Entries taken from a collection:
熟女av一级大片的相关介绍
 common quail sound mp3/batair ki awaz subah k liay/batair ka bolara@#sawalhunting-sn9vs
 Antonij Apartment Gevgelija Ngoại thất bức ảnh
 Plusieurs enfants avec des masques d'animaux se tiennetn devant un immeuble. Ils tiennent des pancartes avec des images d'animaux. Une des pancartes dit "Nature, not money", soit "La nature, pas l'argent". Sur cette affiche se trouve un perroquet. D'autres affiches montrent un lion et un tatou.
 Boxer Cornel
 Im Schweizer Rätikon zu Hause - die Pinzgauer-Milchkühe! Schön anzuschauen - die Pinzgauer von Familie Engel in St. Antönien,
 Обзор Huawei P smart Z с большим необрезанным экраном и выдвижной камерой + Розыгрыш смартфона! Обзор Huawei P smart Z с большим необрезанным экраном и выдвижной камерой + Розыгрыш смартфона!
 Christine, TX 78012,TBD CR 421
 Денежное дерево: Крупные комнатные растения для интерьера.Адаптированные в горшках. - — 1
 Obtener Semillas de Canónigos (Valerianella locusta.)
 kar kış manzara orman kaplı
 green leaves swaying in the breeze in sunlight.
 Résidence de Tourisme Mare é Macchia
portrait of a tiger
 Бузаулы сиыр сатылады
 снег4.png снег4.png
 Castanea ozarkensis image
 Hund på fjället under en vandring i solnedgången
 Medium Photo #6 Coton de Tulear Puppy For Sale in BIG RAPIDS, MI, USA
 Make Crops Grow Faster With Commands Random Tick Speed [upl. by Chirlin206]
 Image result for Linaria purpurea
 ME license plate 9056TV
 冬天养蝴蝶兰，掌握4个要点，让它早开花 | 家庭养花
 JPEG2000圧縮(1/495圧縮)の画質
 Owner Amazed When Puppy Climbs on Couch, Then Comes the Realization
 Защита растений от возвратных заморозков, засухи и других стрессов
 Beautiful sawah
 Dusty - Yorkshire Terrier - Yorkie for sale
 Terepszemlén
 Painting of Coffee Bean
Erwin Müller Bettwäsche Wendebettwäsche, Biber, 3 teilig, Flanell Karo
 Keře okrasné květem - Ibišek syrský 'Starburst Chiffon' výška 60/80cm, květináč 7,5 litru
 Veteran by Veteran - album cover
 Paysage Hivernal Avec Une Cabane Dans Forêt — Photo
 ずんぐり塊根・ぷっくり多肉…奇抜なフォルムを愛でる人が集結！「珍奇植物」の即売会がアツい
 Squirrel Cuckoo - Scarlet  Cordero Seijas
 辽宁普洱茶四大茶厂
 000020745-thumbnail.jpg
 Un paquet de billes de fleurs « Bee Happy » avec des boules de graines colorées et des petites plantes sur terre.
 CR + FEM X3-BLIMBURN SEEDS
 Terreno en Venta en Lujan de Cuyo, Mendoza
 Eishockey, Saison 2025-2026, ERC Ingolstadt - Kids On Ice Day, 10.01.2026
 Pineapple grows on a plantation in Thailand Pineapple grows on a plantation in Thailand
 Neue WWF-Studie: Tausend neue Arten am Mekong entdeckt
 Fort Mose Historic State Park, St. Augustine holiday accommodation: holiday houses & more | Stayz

-- What is required --
Exactly as written, reproduce the lines of the data above from the first line through the line where "Boxer Cornel" appears.

-- Expected answer --
熟女av一级大片的相关介绍
 common quail sound mp3/batair ki awaz subah k liay/batair ka bolara@#sawalhunting-sn9vs
 Antonij Apartment Gevgelija Ngoại thất bức ảnh
 Plusieurs enfants avec des masques d'animaux se tiennetn devant un immeuble. Ils tiennent des pancartes avec des images d'animaux. Une des pancartes dit "Nature, not money", soit "La nature, pas l'argent". Sur cette affiche se trouve un perroquet. D'autres affiches montrent un lion et un tatou.
 Boxer Cornel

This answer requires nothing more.